Интересно, что оценку «верчусь, чтобы обеспечить себе и детям терпимую жизнь» (напоминающую реплику из «Алисы»: «У нас в стране, чтобы стоять на месте, надо бежать очень быстро») сегодня со вчерашними 30- и 40-летними разделяют отчасти и сегодняшние 30-летние россияне. Однако среди последних подгруппа отказавшихся от попыток максимизировать свою активность, «дожать» имеющиеся ресурсы все-таки намного меньше, тогда как среди 40–54-летних сегодняшних россиян приближается к 1/3 (а среди самых старших даже преобладает). Иная ситуация сложилась для молодежи. Характерно, что ей не только чаще других, по ее самооценкам, удается использовать открывшиеся возможности и «добиться большего», но она — особенно более образован- ная — чаще других «живет так, как жила раньше», для нее «ничего не изменилось» (табл. 4).
Таблица 4.
Оценка собственных усилий в период перемен
(данные 1999 года, в % к соответствующим социально-демографическим группам)
Поэтому понятно, что именно молодежь, ее более образованная часть лидирует сегодня среди тех, чья самооценка за последнее время повысилась (табл. 5).
Таблица 5.
Мнение о себе самом за последние годы
(данные 1999 года, в % к соответствующим социально-демографическим группам)
Если говорить о самом общем, декларативно выраженном ретроспективном отношении к переменам и о связанной с этим самооценке, то можно сказать, что символический признак возраста как бы делит сейчас россиян на три контингента.
Первый — по преимуществу группа более молодых, до 40 лет, социально активных, в том числе включенных в новые сферы занятости и чаще среднего удовлетворенных общим направлением перемен (они же более образованные и чаще живут в крупных и крупнейших городах). Второй — контингент больше всего ожидавших на протяжении последнего десятилетия, наиболее фрустрированных и внутренне надорванных сегодня 40–55-летних. Наконец, третий — это слой самых старших, старше 55 лет (они же в среднем и наименее образованные), которые, особенно в небольших городах и селах, в наибольшей степени отстранены от новых возможностей и зон активности, сохраняют консервативные установки и символы как в силу возраста, так и соответственно положению в обществе. Однако — и это совершенно явно видно из всех приведенных выше и приводимых ниже данных — в представлениях и оценках каждой из этих групп в том или ином соотношении соединяются элементы разных ориентаций и оценочных стереотипов.

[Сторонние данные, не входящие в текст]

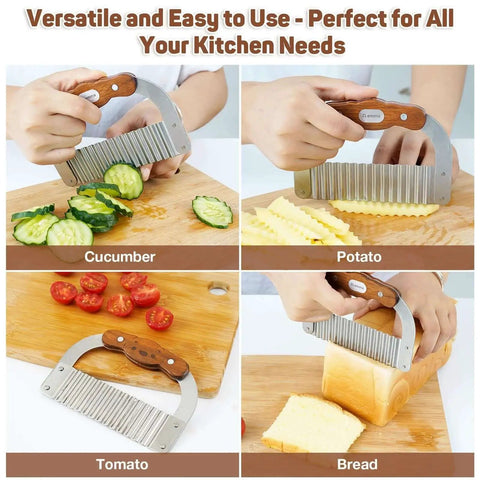 Bear Shaped Wave Cutter For Kids By ZLemma, With Safe Rounded Tip shown slicing cucumber, potato, tomato, bread on cutting board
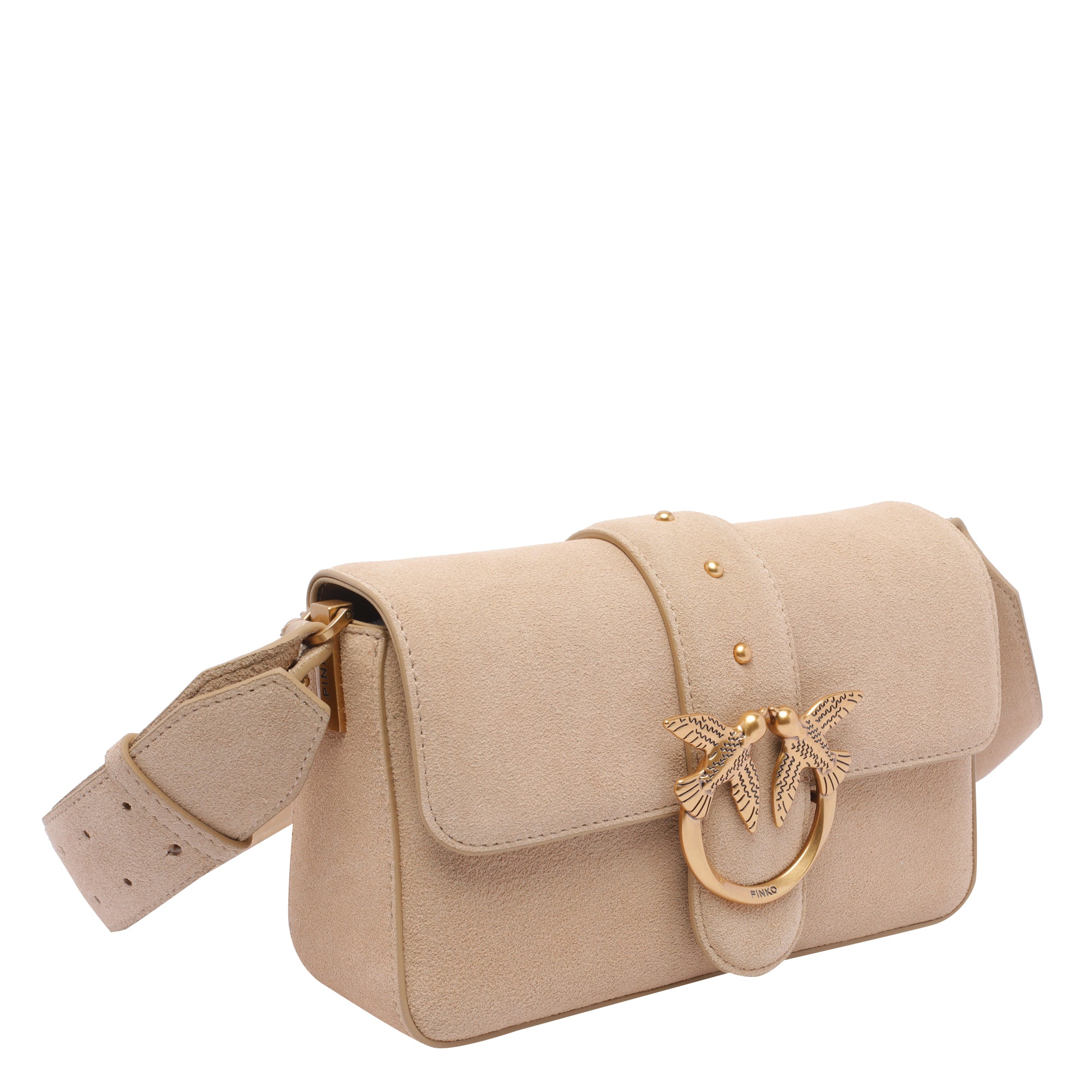 Pinko Bags Beige Suede Calf Leather
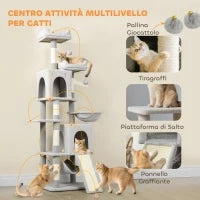 Albero Tiragraffi per Gatti con 2 Casette, 2 Lettini, Trespolo e 2 Palline, 48x40x177 cm, Grigio Chiaro e Beige
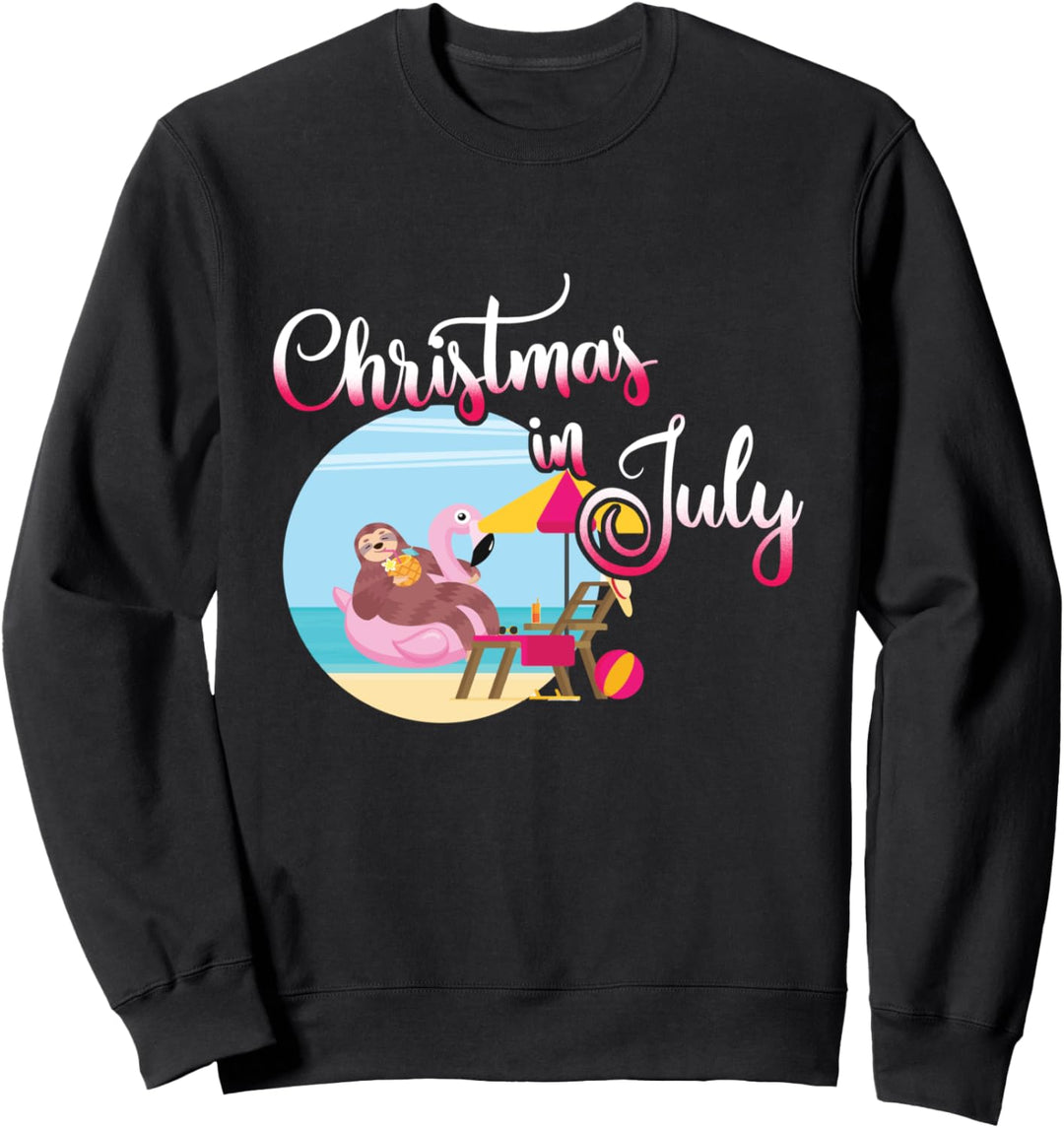 Christmas In July - Lazy Sloth On Flamingo Float - Vacation Sweatshirt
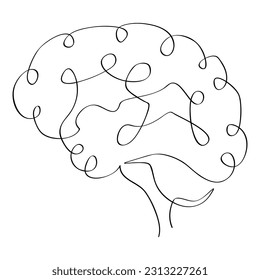 vector sketch human brain single one line art, continuous 
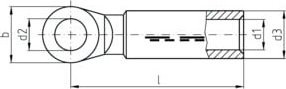 Intercable Presskabelschuh M12 blank in Silber aus Messing ICALCU15012 - Bild 1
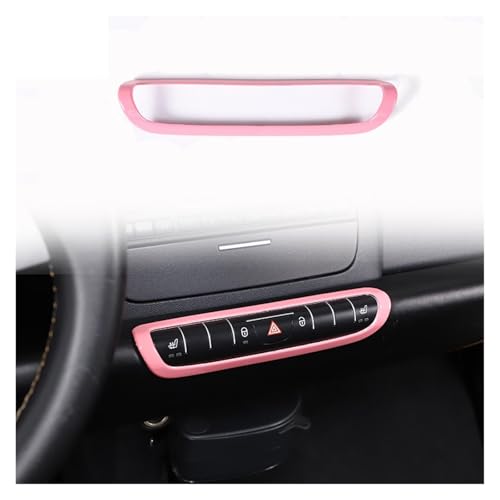 VFEBTSD Kompatibel mit Mercedes Kompatibel mit Benz Smart 451 Fortwo 2009-2015 ABS Pink Style Schalttafel Türgriffe Dekoration Zubehör Innenaufkleber(7 LHD 2009 to 2015) von VFEBTSD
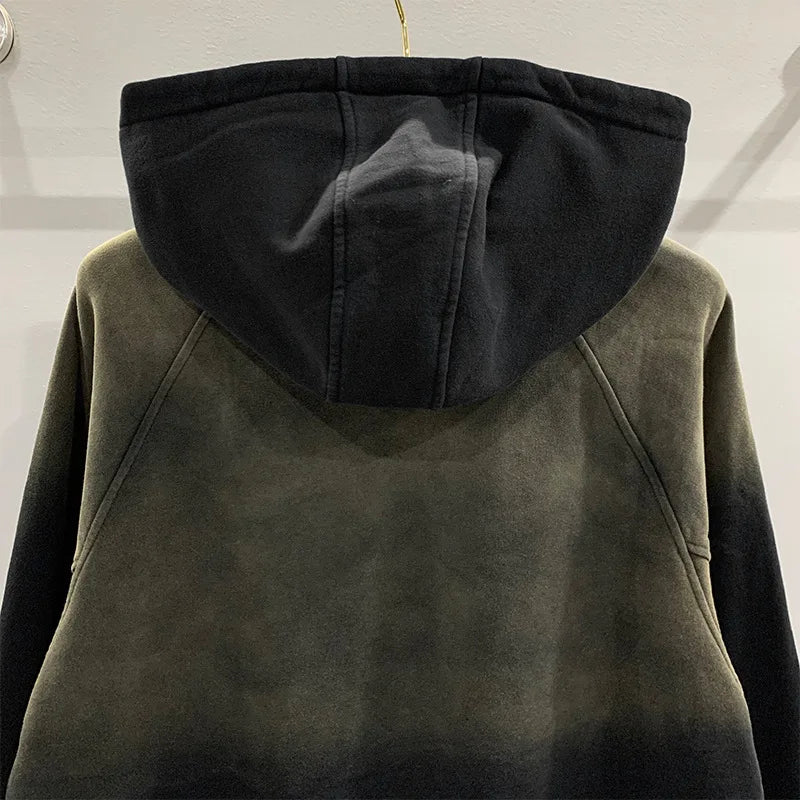 Gradient Black Zip Up Hoodie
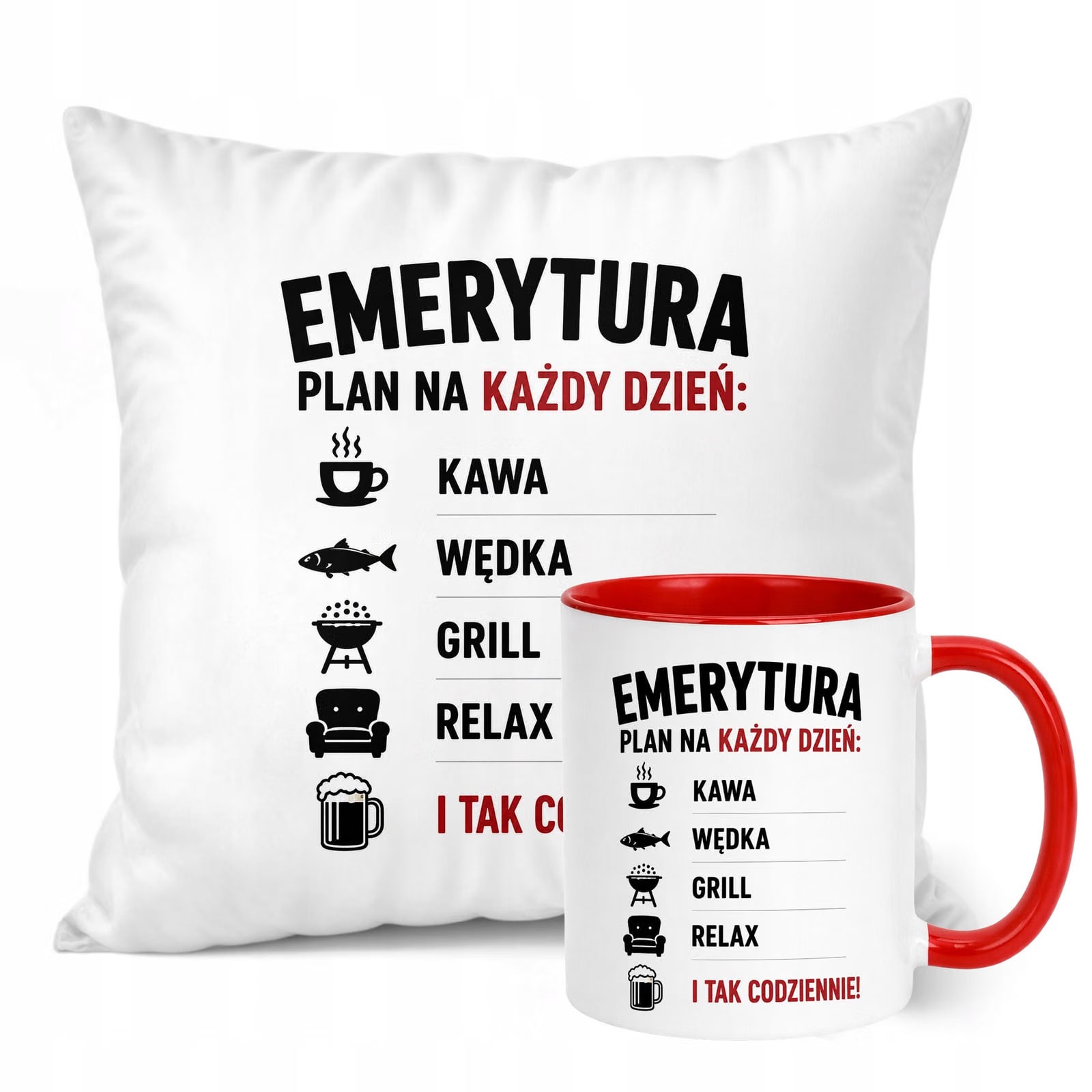 Zestaw Kubek Czerwony Poduszka Z Nadrukiem Emerytura Dla Emeryta Prezent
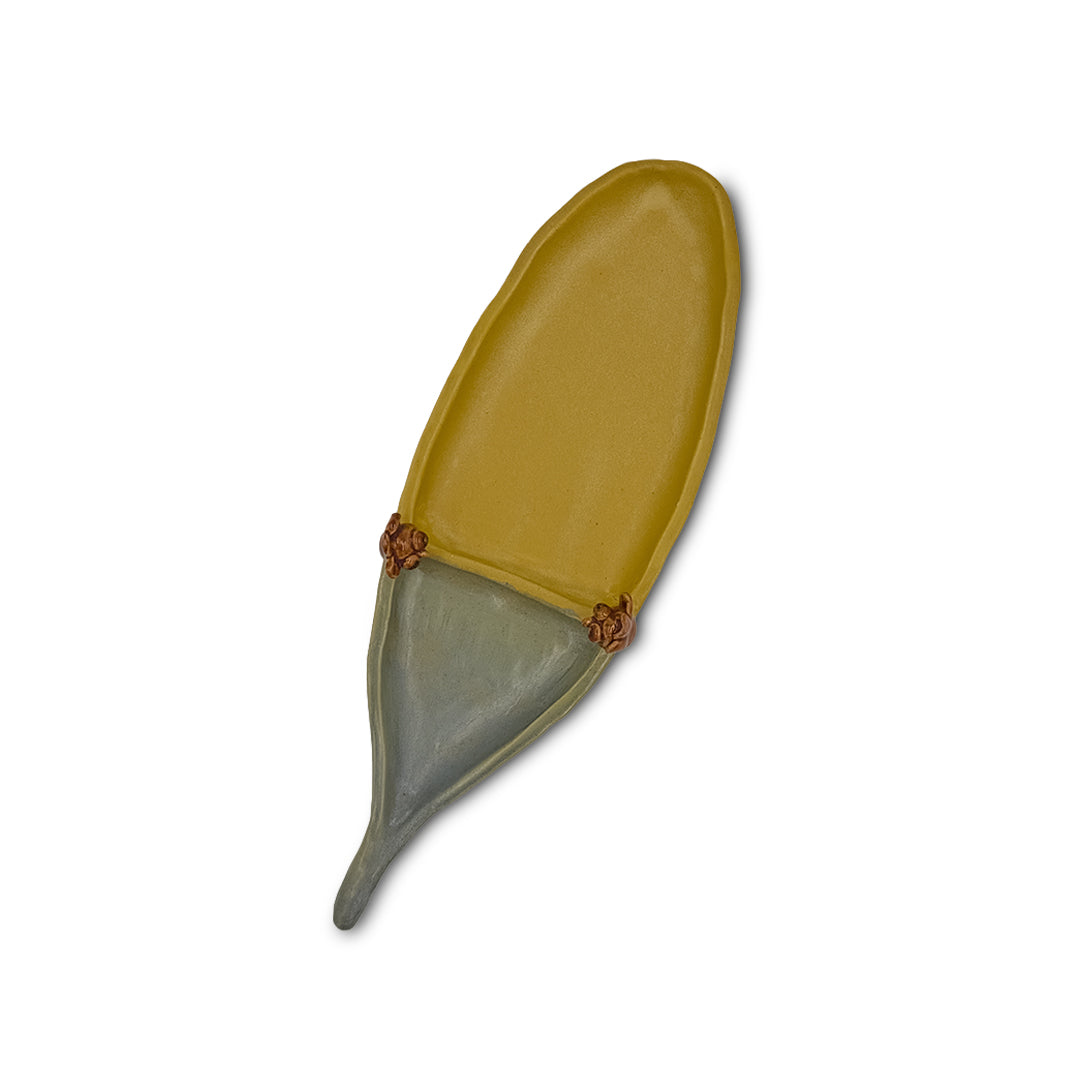 Bicolor Ceramic Leaf Tray with Sculpted Handles/Ceramic Tray/Serving Tray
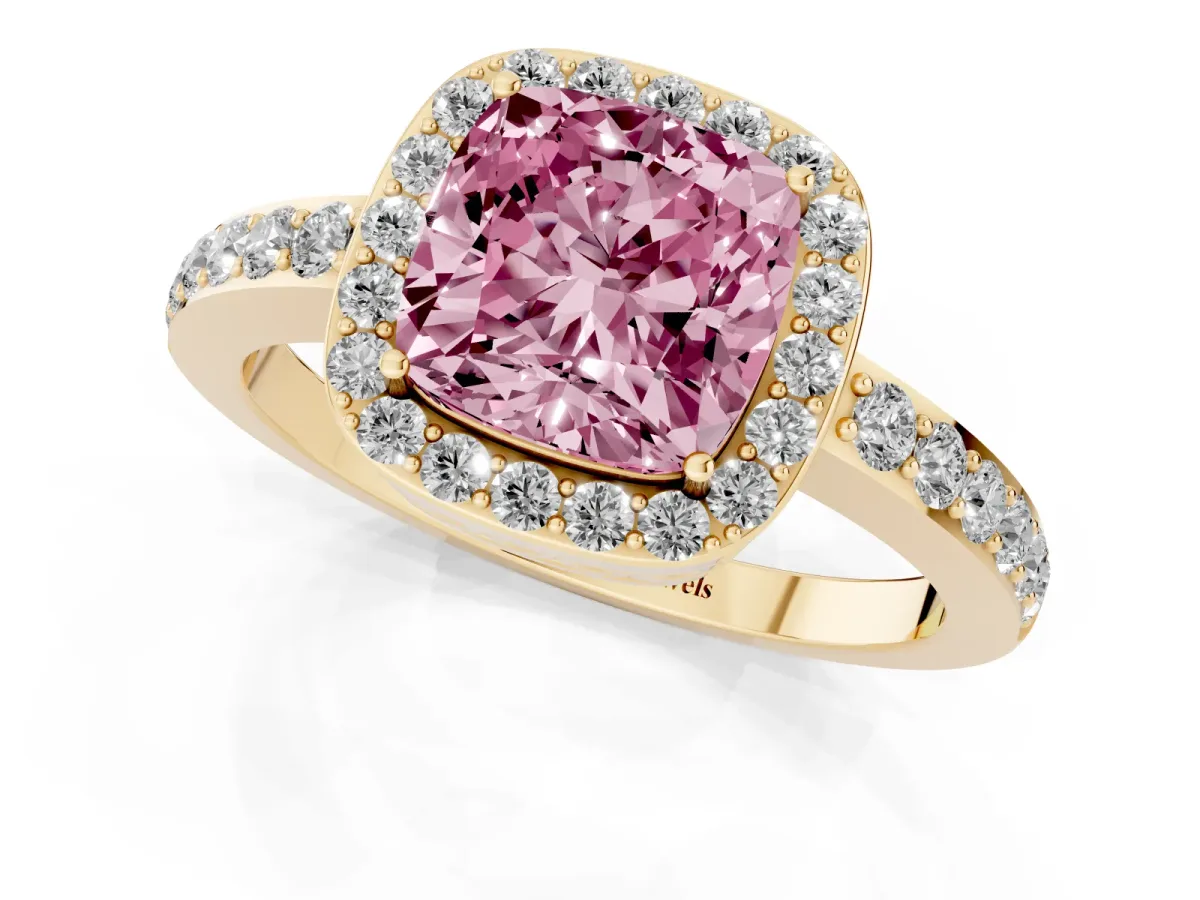 Fancy Pink Cushion Cut Halo Diamond Pavé Band Ring with Prong Setting Yellow gold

Как правило, социолог выделяет из них более выраженные, количественно преобладающие. На каждый отдельный момент для «объектного» описания поведенческих реакций той или иной интересующей исследователя группы это кажется достаточным. Но при изучении массового сознания, тем более в динамике, не менее важны вторые, третьи и еще более отдаленные «планы» (слои, уровни) заявленных установок и оценок, поскольку именно они указывают на остаточные, запасные либо новые, пробные ресурсы действия, фиксируют сопровождающие его моменты индивидуальных и групповых ориентаций, входя для действующего индивида в сложный баланс самооценки и оценок его партнеров, итогов и перспектив, действий и чувств.
Поэтому корректнее, конечно, говорить о смысловых координатах, параметрах, компонентах действия, как они принципиально представлены, размечены, оценены в системе культуры, на разных ее уровнях, в тех либо иных пропорциях сочетаются, воплощены в базовой для данной культуры модели человека и, соответственно, аранжируются в обиходе различных социальных групп и слоев.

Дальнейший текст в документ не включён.